* [HOW TO COMPLETE THIS TASK]: The full listing, excluding its pictures, should be printed exactly as it stands.

* [DATASET EXCERPT]:
↓
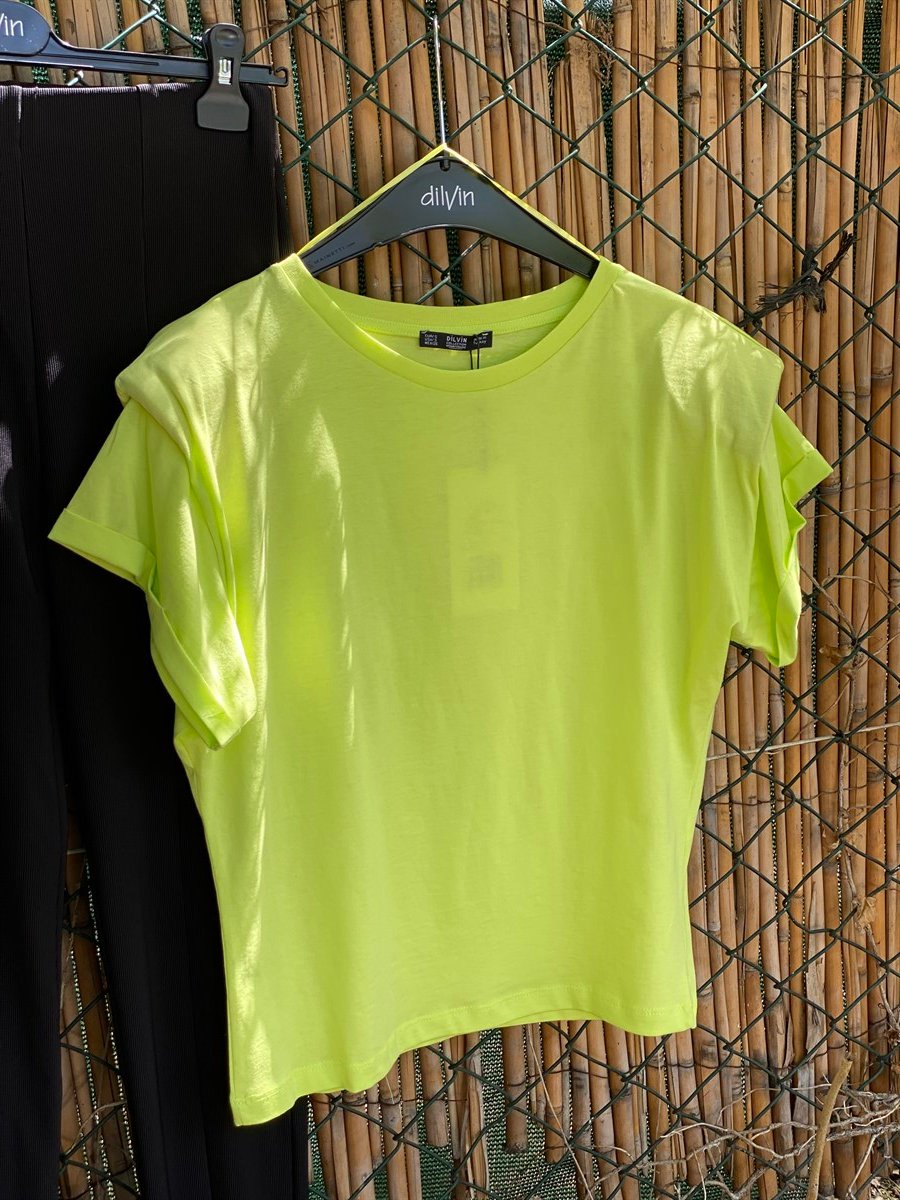 Omuzları Vatkalı Kısa Kollu Basic TshirtTSHİRT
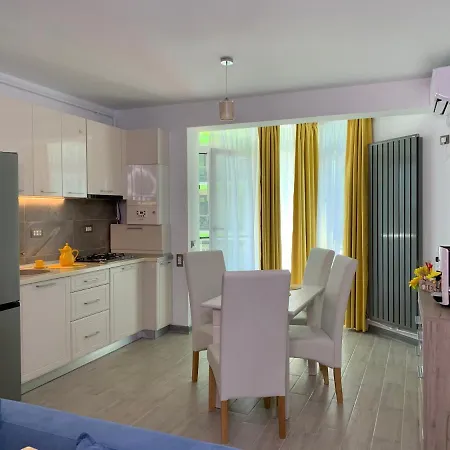Sunflower Alezzi Resort דירה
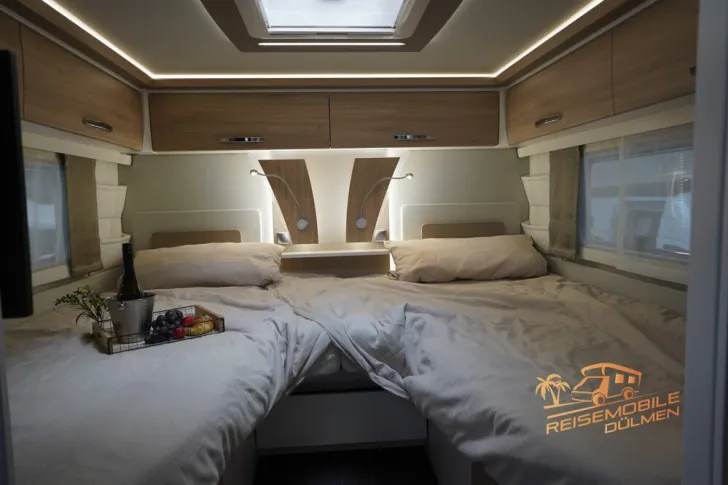 Fahrzeugbild Frankia Platin I 8400 GD Platin 5,5 #14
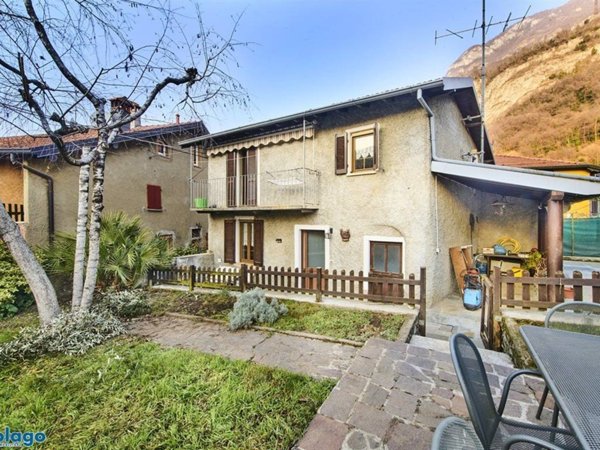 casa indipendente in vendita a Mandello del Lario in zona Olcio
↑
* [WRITTEN SOLUTION]:
 Omuzları Vatkalı Kısa Kollu Basic TshirtTSHİRT
Sunflower Alezzi Resort דירה
 Fahrzeugbild Frankia Platin I 8400 GD Platin 5,5 #14
 casa indipendente in vendita a Mandello del Lario in zona Olcio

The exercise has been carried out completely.